It was 1982, the height of the civil war in El Salvador. Four Dutch TV journalists had linked up with leftist rebels near the town of El Paraiso, which has an army base on its outskirts.
By Associated Press

It was 1982, the height of the civil war in El Salvador. Four Dutch TV journalists had linked up with leftist rebels near the town of El Paraiso, which has an army base on its outskirts.


Planning to spend several days behind rebel lines, the newsmen hoisted rucksacks onto their backs and, carrying their recording gear, walked single-file down a narrow dirt trail.


They had only minutes to live. Lying in wait, Salvadoran soldiers armed with assault rifles and machine guns were ready to spring an ambush.


“They were sitting ducks. The military waited for them and basically executed them,” said Thomas Buergenthal, an American who was part of the three-member United Nations Truth Commission for El Salvador, set up as part of a U.N.-brokered peace agreement in 1992.
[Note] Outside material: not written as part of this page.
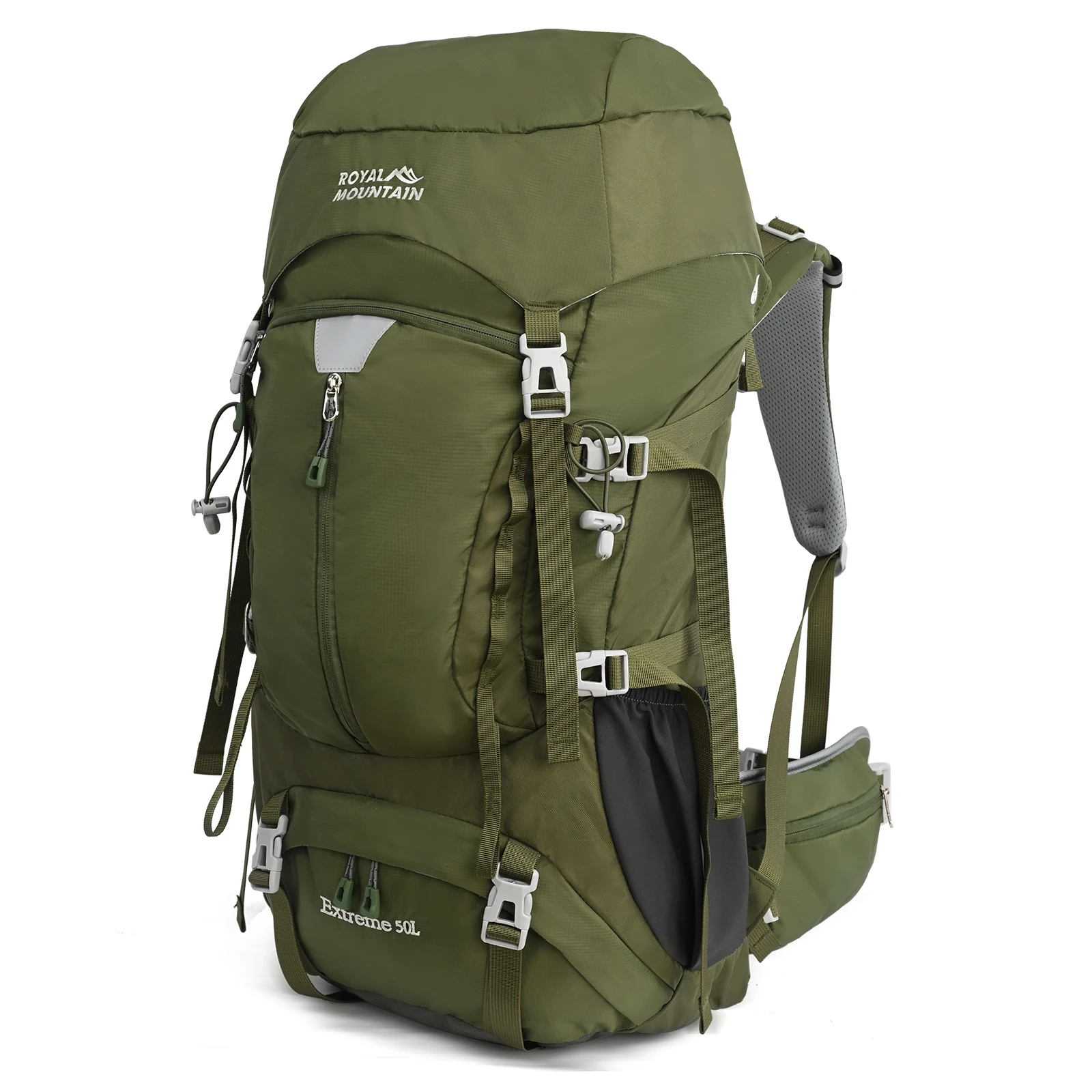 50L Outdoor Climbing Backpack Large Capacity Camping Travel Multi-functional Water-resistant Fabric with Rain Cover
In 1993, the commission’s report on wartime human rights violations concluded that the ambush was set up to kill the journalists, and was ordered by Col. Mario Reyes Mena, a brigade commander.


Calls are now mounting in the Netherlands for Reyes Mena and others responsible for the killings to be brought to justice after a documentary shown on Dutch TV cast a spotlight on the never-prosecuted slayings. The investigative piece, aptly titled “In Cold Blood,” revealed that Reyes Mena had been living for years in relative obscurity in the United States.
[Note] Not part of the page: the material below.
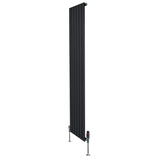 Zwarte designradiator met vlakke panelen, 1 kolom, 1800 x 420mm, inclusief haakse thermostaatkraan en moderne afwerking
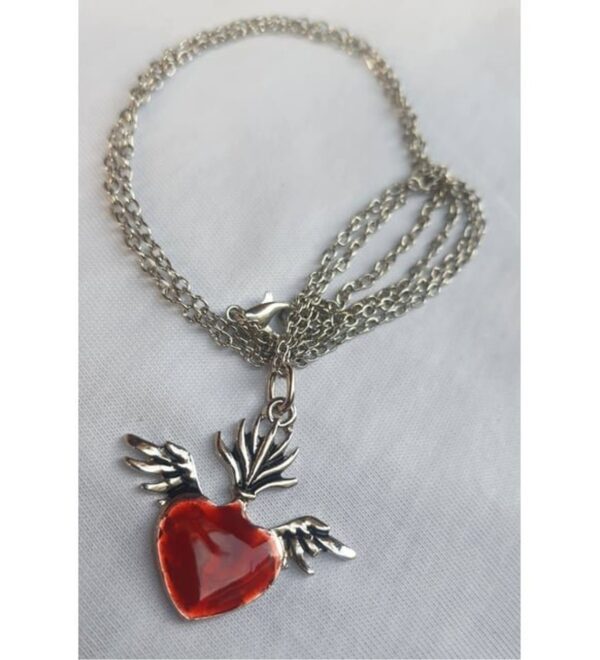 Gothic Red Heart Necklace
“It is very much in the interest of the Dutch government to bring those responsible for the deaths of the four journalists to justice,” the Dutch foreign and justice ministers told lawmakers six weeks after the documentary aired. “Not only because it concerns four Dutch citizens who were shot dead, but also because it concerns journalists, who have an indispensable task in a democratic constitutional state.”
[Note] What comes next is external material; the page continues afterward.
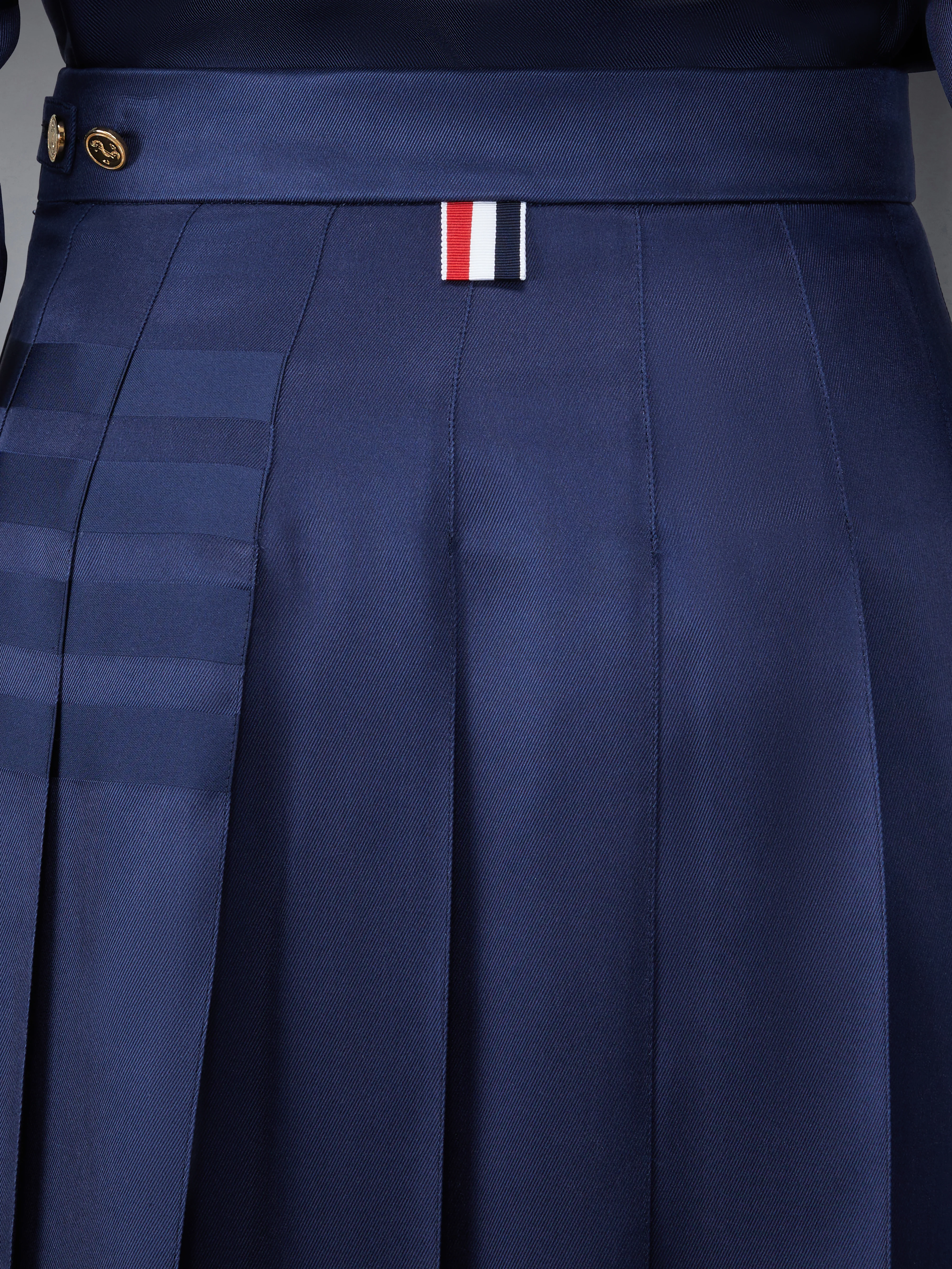 SILK TWILL 4-BAR MIDI PLEATED SKIRT - Image 5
“The government will make every effort to achieve this result,” the ministers said.


Reyes Mena, now 79, lives in a Washington suburb. A legal resident of the United States since at least 1987, he is no longer shielded by a 1993 amnesty law that protected the military, paramilitary groups and guerrilla fighters from prosecution for human right abuses during the 12-year war. The Salvadoran Supreme Court declared the amnesty unconstitutional in 2016, though the country’s legislature is now considering granting another one.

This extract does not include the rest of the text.